What the exercise asks
Reproduce all of the data exactly as written.

[Dataset items]
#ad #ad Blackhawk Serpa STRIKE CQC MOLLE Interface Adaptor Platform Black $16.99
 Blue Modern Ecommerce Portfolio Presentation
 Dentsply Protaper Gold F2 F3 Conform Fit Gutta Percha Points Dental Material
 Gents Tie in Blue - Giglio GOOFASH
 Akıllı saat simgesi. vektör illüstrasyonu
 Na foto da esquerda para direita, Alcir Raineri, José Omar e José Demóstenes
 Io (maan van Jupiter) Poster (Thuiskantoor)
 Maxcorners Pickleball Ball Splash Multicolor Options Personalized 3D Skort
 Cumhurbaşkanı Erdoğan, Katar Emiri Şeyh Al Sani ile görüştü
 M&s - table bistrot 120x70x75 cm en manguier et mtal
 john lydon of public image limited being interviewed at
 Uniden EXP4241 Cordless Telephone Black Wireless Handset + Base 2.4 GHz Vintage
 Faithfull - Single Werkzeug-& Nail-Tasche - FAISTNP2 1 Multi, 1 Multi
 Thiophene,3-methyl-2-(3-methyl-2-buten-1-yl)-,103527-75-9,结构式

Exercise response
#ad #ad Blackhawk Serpa STRIKE CQC MOLLE Interface Adaptor Platform Black $16.99
 Blue Modern Ecommerce Portfolio Presentation
 Dentsply Protaper Gold F2 F3 Conform Fit Gutta Percha Points Dental Material
 Gents Tie in Blue - Giglio GOOFASH
 Akıllı saat simgesi. vektör illüstrasyonu
 Na foto da esquerda para direita, Alcir Raineri, José Omar e José Demóstenes
 Io (maan van Jupiter) Poster (Thuiskantoor)
 Maxcorners Pickleball Ball Splash Multicolor Options Personalized 3D Skort
 Cumhurbaşkanı Erdoğan, Katar Emiri Şeyh Al Sani ile görüştü
 M&s - table bistrot 120x70x75 cm en manguier et mtal
 john lydon of public image limited being interviewed at
 Uniden EXP4241 Cordless Telephone Black Wireless Handset + Base 2.4 GHz Vintage
 Faithfull - Single Werkzeug-& Nail-Tasche - FAISTNP2 1 Multi, 1 Multi
 Thiophene,3-methyl-2-(3-methyl-2-buten-1-yl)-,103527-75-9,结构式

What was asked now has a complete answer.